ST. PETERSBURG, Fla. — Orioles starters Chris Tillman and Zach Britton will experience an important first this week: their first appearances at Fenway Park in Boston.
"It's time. What are we going to do, keep them from pitching there?" Orioles manager Buck Showalter said. "They pitch. It's part of the process. I'd like to think it won't be the last time they pitch there. We'll see."
Tillman, who is 2-3 with a 6.15 ERA, will start Monday's game against Daisuke Matsuzaka. Britton (5-2, 2.42) pitches the finale of the two-game series Tuesday against John Lackey.
"I am definitely excited about Fenway. I have never been there, so I am anxious to see that park and everything that goes around it," Britton said. "I heard it is pretty old, but I heard it is a great atmosphere, so I am looking forward to it."
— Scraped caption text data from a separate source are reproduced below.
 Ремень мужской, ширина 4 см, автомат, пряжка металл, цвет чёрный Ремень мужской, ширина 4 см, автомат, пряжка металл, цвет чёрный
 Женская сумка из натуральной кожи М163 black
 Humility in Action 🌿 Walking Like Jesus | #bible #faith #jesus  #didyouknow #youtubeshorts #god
Britton, a rookie, is seemingly excited wherever he pitches in the majors. The day before his big league debut in April, he went out to the left-field stands at Tropicana Field hours before game time to get a feel for the place. And Fenway has a little more aura than the Trop.
"I definitely am going to take a little tour, an unguided tour," Britton, 23, said. "I am going to walk around and see what it is like."
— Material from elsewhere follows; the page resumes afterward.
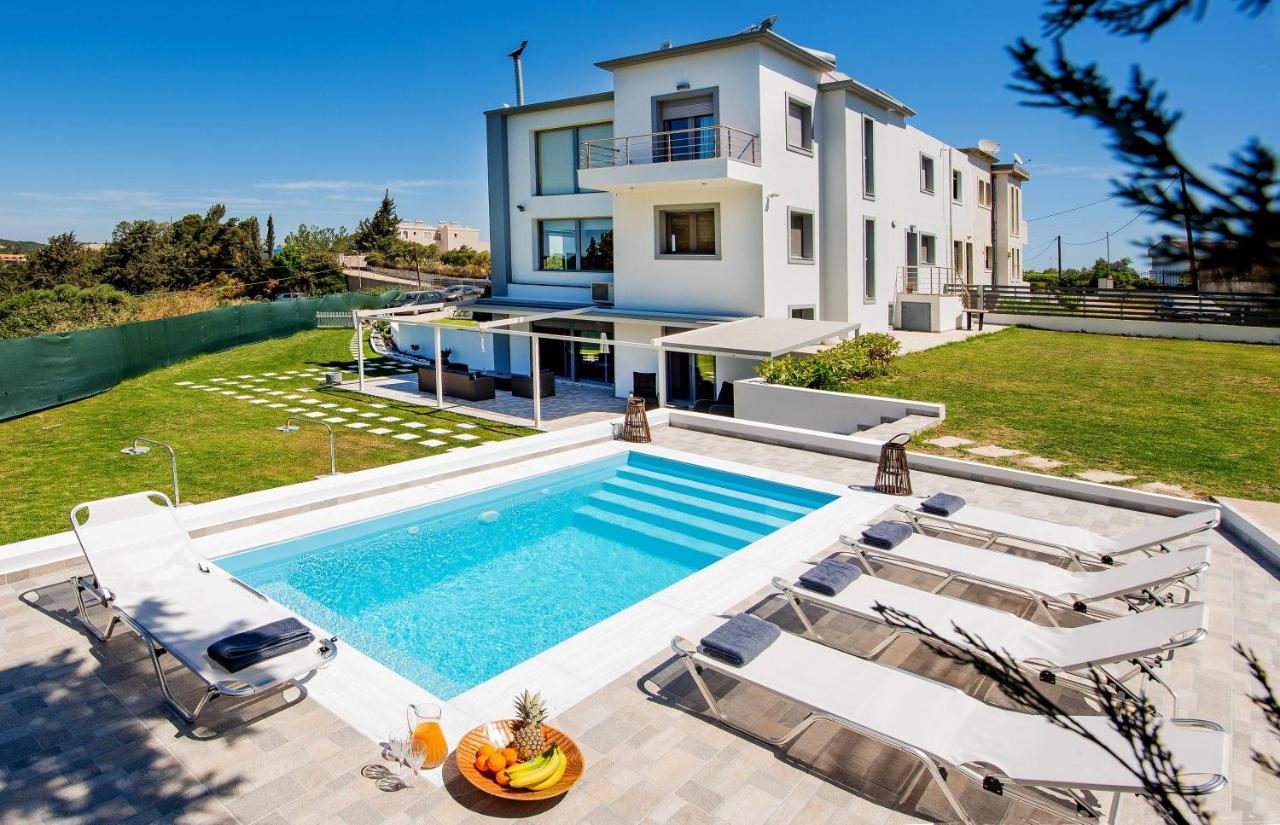 Dias Luxury Villa Koskinou  Екстериор снимка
Tillman said he has respect for places like Fenway and Yankee Stadium, but he can't let it be more than that.
"I'm not going to lie. When I first came up, yeah, I think there's that awe factor," Tillman said. "But now I know it's just about getting the job done — every time — and improving on the things I need to improve on and just giving this team a chance to win. It's the most important thing, and I think that's the first thing in any of our pitchers' heads."
Showalter knows young players can be intimidated by things like Fenway's Green Monster wall in left field. But he said they can't let it be a psychological barrier.
"Well, if it is, and you plan on pitching in the big leagues, in the American League East for the Baltimore Orioles, you better figure it out," Showalter said. "Because it ain't going away. That thing has been there for a while."
Orioles pitching coach Mark Connor said he talked to Britton on Sunday morning about playing at Fenway and how it is a "great experience." But he said there will be no substitute for actually pitching there.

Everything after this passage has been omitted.